Short web captions
━━━━━━━━

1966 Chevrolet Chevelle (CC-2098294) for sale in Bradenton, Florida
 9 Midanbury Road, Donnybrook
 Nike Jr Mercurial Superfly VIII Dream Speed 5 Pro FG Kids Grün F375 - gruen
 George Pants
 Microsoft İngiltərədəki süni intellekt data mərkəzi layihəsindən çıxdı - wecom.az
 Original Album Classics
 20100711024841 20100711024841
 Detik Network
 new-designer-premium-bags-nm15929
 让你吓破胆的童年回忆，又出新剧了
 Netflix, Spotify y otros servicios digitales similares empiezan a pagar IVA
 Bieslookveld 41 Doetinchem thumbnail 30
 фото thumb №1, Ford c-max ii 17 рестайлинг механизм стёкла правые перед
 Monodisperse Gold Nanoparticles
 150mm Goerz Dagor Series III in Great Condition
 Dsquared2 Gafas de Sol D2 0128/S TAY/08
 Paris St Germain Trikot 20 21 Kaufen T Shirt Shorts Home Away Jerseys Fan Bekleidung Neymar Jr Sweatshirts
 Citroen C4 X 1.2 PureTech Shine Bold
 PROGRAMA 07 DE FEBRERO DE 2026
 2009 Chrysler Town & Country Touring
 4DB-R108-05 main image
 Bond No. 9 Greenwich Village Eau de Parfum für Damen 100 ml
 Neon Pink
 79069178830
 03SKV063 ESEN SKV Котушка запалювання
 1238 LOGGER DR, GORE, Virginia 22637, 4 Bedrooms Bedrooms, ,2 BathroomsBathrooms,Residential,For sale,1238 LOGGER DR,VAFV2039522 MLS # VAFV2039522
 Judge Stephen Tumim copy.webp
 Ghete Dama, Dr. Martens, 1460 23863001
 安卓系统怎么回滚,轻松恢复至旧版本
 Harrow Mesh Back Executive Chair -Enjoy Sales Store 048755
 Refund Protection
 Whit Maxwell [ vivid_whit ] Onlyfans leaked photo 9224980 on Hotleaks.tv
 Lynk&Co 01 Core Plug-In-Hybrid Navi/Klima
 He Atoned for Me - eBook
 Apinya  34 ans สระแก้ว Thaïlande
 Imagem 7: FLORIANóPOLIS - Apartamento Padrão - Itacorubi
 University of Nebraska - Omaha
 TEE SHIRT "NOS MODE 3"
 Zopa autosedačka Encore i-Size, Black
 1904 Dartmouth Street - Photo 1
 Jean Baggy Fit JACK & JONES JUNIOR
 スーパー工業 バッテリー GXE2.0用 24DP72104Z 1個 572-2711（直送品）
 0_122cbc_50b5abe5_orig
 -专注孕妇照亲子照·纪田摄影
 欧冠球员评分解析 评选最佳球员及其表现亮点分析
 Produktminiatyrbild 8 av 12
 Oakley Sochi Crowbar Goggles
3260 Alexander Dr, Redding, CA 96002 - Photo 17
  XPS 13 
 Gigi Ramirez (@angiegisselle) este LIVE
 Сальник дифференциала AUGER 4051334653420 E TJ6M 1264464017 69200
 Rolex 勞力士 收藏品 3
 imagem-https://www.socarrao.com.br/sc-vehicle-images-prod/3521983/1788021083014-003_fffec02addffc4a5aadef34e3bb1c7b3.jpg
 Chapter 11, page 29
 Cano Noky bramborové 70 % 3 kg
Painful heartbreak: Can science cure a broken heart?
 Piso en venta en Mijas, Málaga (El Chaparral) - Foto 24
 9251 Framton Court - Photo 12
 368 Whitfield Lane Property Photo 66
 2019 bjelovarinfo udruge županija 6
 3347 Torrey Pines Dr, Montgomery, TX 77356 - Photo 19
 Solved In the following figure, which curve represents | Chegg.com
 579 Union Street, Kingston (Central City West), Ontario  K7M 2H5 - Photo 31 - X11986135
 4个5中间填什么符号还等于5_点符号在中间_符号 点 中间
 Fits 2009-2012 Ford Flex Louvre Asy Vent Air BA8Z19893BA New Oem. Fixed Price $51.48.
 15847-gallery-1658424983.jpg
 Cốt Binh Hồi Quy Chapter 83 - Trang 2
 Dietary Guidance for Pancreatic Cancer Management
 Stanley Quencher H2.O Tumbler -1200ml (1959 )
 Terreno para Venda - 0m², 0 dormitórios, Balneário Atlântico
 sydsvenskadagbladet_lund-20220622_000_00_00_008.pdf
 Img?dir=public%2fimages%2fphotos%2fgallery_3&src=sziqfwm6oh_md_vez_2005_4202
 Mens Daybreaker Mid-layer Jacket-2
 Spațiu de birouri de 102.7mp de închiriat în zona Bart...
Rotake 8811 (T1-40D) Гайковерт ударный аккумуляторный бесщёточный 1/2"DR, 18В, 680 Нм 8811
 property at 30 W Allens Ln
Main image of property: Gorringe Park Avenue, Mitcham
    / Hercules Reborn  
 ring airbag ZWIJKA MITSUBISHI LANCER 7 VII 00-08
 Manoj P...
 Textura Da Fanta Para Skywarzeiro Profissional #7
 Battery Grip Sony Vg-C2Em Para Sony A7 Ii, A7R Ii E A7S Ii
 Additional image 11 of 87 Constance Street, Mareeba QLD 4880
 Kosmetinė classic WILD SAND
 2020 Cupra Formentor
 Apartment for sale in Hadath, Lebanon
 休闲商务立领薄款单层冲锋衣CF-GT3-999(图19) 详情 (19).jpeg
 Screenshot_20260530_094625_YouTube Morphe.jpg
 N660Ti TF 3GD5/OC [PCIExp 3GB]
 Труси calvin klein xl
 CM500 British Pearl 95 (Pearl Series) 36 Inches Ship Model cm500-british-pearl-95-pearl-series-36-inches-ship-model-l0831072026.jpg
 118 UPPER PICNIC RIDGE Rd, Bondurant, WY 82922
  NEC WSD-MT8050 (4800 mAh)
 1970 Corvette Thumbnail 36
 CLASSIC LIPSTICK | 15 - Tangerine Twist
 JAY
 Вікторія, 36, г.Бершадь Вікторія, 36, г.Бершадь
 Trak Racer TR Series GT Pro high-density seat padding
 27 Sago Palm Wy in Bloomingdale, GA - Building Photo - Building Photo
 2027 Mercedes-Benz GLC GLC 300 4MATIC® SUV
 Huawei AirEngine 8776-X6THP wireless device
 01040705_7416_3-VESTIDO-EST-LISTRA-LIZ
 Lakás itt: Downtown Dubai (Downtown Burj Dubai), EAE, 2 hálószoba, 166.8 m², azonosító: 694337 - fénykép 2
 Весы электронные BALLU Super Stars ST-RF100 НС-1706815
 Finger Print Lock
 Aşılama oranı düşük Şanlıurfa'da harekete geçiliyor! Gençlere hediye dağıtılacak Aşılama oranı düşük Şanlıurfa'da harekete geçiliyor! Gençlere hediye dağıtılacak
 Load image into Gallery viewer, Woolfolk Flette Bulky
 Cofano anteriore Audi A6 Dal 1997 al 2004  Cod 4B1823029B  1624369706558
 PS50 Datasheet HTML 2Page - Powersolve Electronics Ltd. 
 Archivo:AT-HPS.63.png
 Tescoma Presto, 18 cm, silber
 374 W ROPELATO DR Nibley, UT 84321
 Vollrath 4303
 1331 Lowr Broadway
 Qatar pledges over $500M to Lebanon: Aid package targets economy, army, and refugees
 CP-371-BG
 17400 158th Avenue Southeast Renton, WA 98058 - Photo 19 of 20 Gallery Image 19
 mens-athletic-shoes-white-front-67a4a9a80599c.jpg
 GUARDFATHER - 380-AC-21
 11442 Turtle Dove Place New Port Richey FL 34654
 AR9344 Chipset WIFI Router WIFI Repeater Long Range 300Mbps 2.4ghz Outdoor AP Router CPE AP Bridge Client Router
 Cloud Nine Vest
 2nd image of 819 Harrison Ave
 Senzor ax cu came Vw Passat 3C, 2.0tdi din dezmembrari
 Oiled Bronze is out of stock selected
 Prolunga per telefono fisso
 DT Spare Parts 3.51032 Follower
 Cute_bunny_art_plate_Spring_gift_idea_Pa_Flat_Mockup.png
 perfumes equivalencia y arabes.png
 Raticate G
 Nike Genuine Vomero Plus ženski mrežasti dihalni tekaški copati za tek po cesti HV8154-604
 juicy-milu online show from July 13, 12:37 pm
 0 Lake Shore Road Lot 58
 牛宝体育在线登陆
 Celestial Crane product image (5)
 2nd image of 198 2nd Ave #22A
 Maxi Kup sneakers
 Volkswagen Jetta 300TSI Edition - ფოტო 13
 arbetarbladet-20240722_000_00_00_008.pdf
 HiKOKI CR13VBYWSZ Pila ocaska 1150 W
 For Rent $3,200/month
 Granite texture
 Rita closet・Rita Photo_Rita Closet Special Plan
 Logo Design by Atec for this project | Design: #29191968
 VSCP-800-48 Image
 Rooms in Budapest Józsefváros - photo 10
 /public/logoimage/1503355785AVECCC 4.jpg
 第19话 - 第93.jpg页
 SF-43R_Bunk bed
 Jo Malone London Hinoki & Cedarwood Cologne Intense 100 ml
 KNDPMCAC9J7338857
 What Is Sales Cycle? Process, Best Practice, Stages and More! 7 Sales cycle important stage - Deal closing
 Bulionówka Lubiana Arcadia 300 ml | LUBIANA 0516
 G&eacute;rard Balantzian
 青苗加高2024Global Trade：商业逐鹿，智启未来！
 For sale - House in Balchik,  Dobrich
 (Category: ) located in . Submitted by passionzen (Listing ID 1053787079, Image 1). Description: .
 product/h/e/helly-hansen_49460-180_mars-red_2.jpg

━━━━━━━━

The problem: Print exactly the line containing "juicy-milu online show" and every line after it through the end of the records above, and nothing else.

Answer to this task:
 juicy-milu online show from July 13, 12:37 pm
 0 Lake Shore Road Lot 58
 牛宝体育在线登陆
 Celestial Crane product image (5)
 2nd image of 198 2nd Ave #22A
 Maxi Kup sneakers
 Volkswagen Jetta 300TSI Edition - ფოტო 13
 arbetarbladet-20240722_000_00_00_008.pdf
 HiKOKI CR13VBYWSZ Pila ocaska 1150 W
 For Rent $3,200/month
 Granite texture
 Rita closet・Rita Photo_Rita Closet Special Plan
 Logo Design by Atec for this project | Design: #29191968
 VSCP-800-48 Image
 Rooms in Budapest Józsefváros - photo 10
 /public/logoimage/1503355785AVECCC 4.jpg
 第19话 - 第93.jpg页
 SF-43R_Bunk bed
 Jo Malone London Hinoki & Cedarwood Cologne Intense 100 ml
 KNDPMCAC9J7338857
 What Is Sales Cycle? Process, Best Practice, Stages and More! 7 Sales cycle important stage - Deal closing
 Bulionówka Lubiana Arcadia 300 ml | LUBIANA 0516
 G&eacute;rard Balantzian
 青苗加高2024Global Trade：商业逐鹿，智启未来！
 For sale - House in Balchik,  Dobrich
 (Category: ) located in . Submitted by passionzen (Listing ID 1053787079, Image 1). Description: .
 product/h/e/helly-hansen_49460-180_mars-red_2.jpg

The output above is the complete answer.